Die im EG-Vertrag und auf seiner grundlage erlassenen Verordnungen geregelte Freizügigkeit der Arbeitnehmer zählt zu den wichtigsten Grundfreiheiten der Unionsbürger; sie gewährleistet die Gleichbehandlung von Arbeitnehmer aus anderen Mitgliedstaaten in Bezug auf Arbeitsbedingungen generell unzulässig. Diese weitgefaßte Gleichbehandlungspflicht wird durch die Ausnahmebestimmung des Art. 39 Abs. 4 EGV eingeschränkt, derzufolge die Freizügigkeit der Arbeitnehmer „keine Anwendung auf die Beschäftigung in der öffentlichen Verwaltung“ findet.
Die schon seit mehreren Jahrzehnten, nicht zuletzt aus dem Umfeld der Europäischen Kommission, geäußerte Kritik an der Antiquiertheit der Klausel hat daher keinen hinreichenden politischen Widerhalt gefunden.

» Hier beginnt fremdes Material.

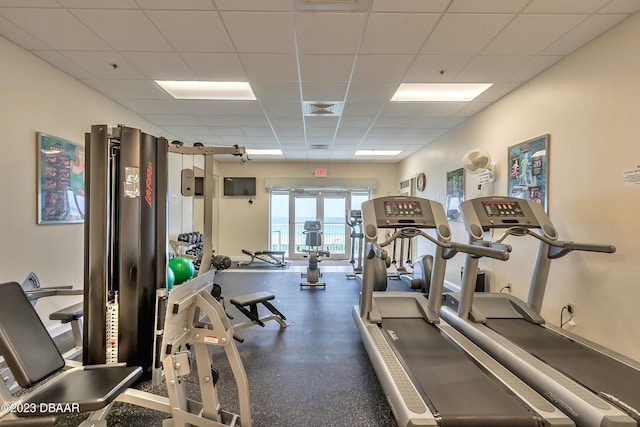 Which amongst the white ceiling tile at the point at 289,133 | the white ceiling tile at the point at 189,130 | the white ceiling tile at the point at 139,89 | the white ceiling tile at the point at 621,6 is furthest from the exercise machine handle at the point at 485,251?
the white ceiling tile at the point at 189,130

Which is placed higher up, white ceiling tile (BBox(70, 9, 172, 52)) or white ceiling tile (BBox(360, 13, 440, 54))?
white ceiling tile (BBox(70, 9, 172, 52))

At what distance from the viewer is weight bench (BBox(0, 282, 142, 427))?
4.09ft

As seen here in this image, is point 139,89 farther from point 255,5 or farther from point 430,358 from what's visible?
point 430,358

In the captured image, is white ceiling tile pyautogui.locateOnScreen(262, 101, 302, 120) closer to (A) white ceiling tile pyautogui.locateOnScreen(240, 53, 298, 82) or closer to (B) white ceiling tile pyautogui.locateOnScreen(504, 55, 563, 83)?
(A) white ceiling tile pyautogui.locateOnScreen(240, 53, 298, 82)

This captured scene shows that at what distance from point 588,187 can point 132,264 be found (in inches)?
137

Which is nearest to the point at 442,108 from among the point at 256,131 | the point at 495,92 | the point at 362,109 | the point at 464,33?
the point at 495,92

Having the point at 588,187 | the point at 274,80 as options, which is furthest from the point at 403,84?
the point at 588,187

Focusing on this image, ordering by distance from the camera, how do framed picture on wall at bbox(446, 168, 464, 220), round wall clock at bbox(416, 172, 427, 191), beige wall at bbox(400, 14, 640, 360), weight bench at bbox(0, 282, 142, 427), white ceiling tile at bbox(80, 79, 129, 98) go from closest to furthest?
weight bench at bbox(0, 282, 142, 427) → beige wall at bbox(400, 14, 640, 360) → white ceiling tile at bbox(80, 79, 129, 98) → framed picture on wall at bbox(446, 168, 464, 220) → round wall clock at bbox(416, 172, 427, 191)

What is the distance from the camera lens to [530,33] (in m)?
2.24

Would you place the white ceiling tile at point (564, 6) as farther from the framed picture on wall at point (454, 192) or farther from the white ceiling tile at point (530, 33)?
the framed picture on wall at point (454, 192)

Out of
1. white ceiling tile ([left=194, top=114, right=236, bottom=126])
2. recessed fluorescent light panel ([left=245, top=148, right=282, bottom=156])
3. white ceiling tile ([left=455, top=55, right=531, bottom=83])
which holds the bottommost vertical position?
recessed fluorescent light panel ([left=245, top=148, right=282, bottom=156])

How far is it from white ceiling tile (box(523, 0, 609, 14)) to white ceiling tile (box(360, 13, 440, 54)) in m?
0.62

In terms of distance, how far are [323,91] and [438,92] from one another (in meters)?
1.39

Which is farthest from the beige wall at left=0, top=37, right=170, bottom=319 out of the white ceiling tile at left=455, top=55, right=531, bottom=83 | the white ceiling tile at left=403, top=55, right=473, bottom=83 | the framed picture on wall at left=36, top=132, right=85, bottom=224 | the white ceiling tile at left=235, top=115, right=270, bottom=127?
the white ceiling tile at left=455, top=55, right=531, bottom=83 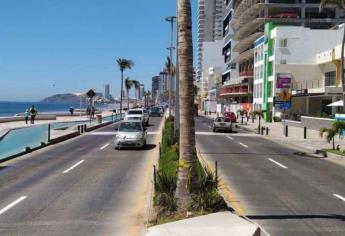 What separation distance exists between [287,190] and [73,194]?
19.6 feet

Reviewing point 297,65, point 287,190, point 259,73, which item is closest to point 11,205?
point 287,190

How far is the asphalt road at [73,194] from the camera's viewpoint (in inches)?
422

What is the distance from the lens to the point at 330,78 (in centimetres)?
6856

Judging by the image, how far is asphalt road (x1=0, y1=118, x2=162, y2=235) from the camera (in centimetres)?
1071

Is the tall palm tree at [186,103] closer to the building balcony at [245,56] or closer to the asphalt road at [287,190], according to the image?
the asphalt road at [287,190]

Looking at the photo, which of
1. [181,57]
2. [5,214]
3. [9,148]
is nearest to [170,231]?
[181,57]

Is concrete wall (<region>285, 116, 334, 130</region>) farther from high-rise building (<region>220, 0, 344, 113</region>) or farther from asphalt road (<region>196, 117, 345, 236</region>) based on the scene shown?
high-rise building (<region>220, 0, 344, 113</region>)

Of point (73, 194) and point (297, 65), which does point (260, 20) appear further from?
point (73, 194)

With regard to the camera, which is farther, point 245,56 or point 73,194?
point 245,56

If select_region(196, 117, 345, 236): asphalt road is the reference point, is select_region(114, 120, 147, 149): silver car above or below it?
above

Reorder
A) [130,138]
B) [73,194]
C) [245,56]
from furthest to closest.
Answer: [245,56] < [130,138] < [73,194]

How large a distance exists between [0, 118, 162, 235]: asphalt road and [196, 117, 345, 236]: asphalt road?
2.71 meters

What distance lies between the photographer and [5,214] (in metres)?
11.8

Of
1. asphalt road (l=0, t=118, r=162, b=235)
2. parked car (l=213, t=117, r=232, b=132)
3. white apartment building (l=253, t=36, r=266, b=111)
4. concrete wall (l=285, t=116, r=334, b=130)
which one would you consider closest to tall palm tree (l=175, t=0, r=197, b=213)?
asphalt road (l=0, t=118, r=162, b=235) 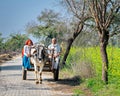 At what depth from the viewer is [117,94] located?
11539 millimetres

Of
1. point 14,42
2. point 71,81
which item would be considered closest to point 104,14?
point 71,81

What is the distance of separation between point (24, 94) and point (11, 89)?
148cm

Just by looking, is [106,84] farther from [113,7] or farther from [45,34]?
[45,34]

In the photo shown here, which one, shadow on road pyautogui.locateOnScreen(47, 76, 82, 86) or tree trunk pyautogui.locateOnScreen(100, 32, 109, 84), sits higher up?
tree trunk pyautogui.locateOnScreen(100, 32, 109, 84)

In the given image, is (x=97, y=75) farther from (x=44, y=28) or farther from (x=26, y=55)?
(x=44, y=28)

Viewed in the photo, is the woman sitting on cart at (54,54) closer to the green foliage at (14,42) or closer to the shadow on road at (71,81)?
the shadow on road at (71,81)

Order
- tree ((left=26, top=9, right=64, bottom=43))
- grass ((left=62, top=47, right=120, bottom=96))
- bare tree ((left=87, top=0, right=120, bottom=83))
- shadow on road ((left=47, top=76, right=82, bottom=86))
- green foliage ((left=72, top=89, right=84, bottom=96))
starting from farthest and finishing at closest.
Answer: tree ((left=26, top=9, right=64, bottom=43))
shadow on road ((left=47, top=76, right=82, bottom=86))
bare tree ((left=87, top=0, right=120, bottom=83))
green foliage ((left=72, top=89, right=84, bottom=96))
grass ((left=62, top=47, right=120, bottom=96))

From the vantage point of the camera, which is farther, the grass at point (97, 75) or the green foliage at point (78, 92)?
the green foliage at point (78, 92)

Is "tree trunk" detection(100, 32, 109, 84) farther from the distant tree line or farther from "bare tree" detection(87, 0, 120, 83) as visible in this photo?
the distant tree line

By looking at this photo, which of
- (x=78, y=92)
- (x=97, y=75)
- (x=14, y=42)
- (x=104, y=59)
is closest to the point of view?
(x=78, y=92)

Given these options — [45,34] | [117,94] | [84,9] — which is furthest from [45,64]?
[45,34]

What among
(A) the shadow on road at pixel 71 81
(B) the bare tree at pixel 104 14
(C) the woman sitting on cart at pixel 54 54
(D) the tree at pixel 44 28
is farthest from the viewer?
(D) the tree at pixel 44 28

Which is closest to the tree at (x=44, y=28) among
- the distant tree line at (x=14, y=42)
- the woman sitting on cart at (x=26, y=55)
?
the woman sitting on cart at (x=26, y=55)

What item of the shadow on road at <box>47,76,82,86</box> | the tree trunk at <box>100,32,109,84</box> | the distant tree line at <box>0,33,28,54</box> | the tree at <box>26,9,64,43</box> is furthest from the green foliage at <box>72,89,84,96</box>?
the distant tree line at <box>0,33,28,54</box>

So ist zum Beispiel Art. 39 Abs. 4 EGV in der Kommentarliteratur als Ausdruck eines kaum erklärbaren Misstrauens gegenüber dem Fremdem, als Ausdruck eines nationalstaatlichen Denkens bezeichnet worden, das mit der Französischen Revoliution eingesetzt habe.

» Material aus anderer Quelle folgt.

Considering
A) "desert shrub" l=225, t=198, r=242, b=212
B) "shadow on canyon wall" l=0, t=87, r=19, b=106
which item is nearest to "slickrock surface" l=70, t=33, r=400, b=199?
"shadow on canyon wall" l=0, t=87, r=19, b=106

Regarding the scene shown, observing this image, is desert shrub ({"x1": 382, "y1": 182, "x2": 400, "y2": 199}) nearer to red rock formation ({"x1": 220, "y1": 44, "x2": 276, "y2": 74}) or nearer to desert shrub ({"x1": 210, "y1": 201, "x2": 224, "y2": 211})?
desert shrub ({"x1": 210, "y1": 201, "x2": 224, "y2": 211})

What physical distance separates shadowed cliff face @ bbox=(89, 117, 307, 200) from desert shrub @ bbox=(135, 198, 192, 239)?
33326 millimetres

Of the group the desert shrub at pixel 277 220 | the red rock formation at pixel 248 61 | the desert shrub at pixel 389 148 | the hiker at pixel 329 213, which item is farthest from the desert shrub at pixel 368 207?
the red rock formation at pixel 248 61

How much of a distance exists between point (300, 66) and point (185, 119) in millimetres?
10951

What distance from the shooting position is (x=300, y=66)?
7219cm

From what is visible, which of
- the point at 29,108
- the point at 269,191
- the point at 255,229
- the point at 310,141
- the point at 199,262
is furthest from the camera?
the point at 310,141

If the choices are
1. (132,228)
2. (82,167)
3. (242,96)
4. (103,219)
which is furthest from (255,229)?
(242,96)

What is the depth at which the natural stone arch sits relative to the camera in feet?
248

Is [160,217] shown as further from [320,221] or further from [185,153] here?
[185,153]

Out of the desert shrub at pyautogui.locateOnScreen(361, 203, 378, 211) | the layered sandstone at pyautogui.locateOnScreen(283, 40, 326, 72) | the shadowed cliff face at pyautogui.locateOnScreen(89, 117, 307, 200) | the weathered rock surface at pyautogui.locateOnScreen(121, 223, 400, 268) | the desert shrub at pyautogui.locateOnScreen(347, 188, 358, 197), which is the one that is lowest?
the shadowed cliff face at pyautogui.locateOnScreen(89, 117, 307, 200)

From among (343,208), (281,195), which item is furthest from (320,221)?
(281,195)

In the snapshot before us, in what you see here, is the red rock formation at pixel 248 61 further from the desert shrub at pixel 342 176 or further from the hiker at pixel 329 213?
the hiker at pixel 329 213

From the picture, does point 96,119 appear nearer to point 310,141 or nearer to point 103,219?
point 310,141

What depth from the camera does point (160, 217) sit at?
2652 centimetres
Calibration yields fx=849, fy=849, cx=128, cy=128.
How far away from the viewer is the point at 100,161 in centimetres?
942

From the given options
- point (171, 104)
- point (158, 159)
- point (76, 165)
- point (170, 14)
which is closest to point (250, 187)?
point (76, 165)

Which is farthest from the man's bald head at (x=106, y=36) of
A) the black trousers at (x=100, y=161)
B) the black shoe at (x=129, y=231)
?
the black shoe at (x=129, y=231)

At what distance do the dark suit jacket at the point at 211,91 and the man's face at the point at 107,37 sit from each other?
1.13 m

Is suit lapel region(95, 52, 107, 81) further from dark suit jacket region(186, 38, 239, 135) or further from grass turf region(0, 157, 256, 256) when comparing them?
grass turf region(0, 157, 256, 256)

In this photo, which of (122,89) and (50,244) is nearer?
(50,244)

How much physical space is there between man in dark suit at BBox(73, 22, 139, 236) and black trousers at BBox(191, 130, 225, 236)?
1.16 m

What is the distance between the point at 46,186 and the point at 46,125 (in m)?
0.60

Es liegt auf der Hand, dass die Diskussion über die Funktion der Staatsangehörigkeit und die Souveränität der Mitgliedstaaten auch die Diskussion über die Reichweite des Vorbehalts des Art. 39 Abs. 4 EGV entscheidend beeinflusst.

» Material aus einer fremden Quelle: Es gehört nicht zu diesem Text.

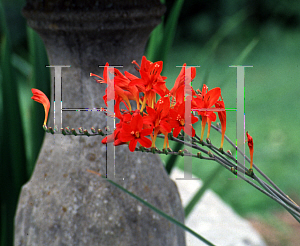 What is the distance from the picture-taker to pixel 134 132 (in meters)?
0.50

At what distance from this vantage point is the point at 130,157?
91 cm

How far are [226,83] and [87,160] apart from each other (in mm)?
818

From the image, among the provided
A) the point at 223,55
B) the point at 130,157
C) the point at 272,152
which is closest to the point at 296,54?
the point at 223,55

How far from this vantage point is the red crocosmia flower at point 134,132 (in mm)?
494

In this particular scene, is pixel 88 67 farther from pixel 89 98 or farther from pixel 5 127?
pixel 5 127

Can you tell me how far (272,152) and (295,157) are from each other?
15 centimetres

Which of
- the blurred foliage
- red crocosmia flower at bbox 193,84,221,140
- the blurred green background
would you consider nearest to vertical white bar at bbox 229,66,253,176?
red crocosmia flower at bbox 193,84,221,140

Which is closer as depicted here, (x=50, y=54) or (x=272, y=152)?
(x=50, y=54)

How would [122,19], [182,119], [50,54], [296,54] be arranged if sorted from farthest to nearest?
[296,54] → [50,54] → [122,19] → [182,119]

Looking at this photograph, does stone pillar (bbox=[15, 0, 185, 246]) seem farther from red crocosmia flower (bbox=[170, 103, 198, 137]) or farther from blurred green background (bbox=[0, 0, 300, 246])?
red crocosmia flower (bbox=[170, 103, 198, 137])

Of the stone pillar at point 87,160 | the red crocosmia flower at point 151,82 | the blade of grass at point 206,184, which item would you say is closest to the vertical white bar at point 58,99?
the stone pillar at point 87,160

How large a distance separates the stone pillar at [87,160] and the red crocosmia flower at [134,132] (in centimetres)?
40

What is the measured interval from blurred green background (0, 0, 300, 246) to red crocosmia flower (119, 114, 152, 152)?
2.11 ft

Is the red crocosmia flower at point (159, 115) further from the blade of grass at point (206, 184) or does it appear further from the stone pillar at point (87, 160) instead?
the blade of grass at point (206, 184) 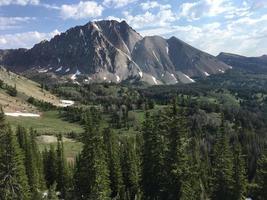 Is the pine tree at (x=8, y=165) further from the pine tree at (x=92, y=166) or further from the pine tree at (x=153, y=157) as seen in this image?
the pine tree at (x=153, y=157)

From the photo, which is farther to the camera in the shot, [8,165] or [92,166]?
[8,165]

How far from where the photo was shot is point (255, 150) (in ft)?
604

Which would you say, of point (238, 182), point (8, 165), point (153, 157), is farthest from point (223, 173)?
point (8, 165)

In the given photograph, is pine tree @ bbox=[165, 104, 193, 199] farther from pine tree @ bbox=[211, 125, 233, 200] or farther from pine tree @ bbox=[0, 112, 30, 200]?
pine tree @ bbox=[0, 112, 30, 200]

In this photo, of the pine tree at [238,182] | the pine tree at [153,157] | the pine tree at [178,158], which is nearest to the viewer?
the pine tree at [178,158]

Die Auslegung der in Art. 39 Abs. 4 EGV enthaltenen Bereichsausnahme gehört zu den dogmatisch und rechtspolitisch am heftigsten umstrittenen Fragen des Europarechts. Dabei konzentriert sich die Diskussion auf den Begriff der öffentlichen Verwaltung, der als Ausnahme von der Verpflichtung der Mitgliedstaaten zur Zulassung von EU–Ausländer zum öffentlichen Dienst bedeutsam ist.
Nach der ständigen Rechtsprechung des EuGH sind vom Anwendungsbereich der Freizügigkeit nur solche Stellen ausgenommen, die eine mittelbare oder unmittelbare Teilnahme an der Ausübung hoheitlicher Befugnisse und eine Wahrnehmung solcher Aufgaben mit sich bringt, die auf die Wahrung der allgemeinen Belange des Staates oder anderer öffentlicher Körperschaften gerichtet sind und die deshalb ein Verhältnis besonderer Verbundenheit des jeweiligen Stelleninhabers zum Staat, sowie die Gegenseitigkeit von Rechten und Pflichten voraussetzen, die dem Staatsangehörigkeitsband zugrunde liegt. Über die Bedeutung dieser Formulierung rätselt die Literatur nunmehr schon geraume Zeit. Eine Schwierigkeit besteht darin, dass weder der Begriff hoheitliche Befugnisse noch derjenige der Wahrung der allgemeinen Belange des Staates vom EuGH hinreichend klar definiert worden sind. Unklar ist auch, ob es sich um kumulative oder um alternative Voraussetzungen handelt. Der EuGH scheint die Formel einmal kumulativ, zum anderen alternativ zu verwenden.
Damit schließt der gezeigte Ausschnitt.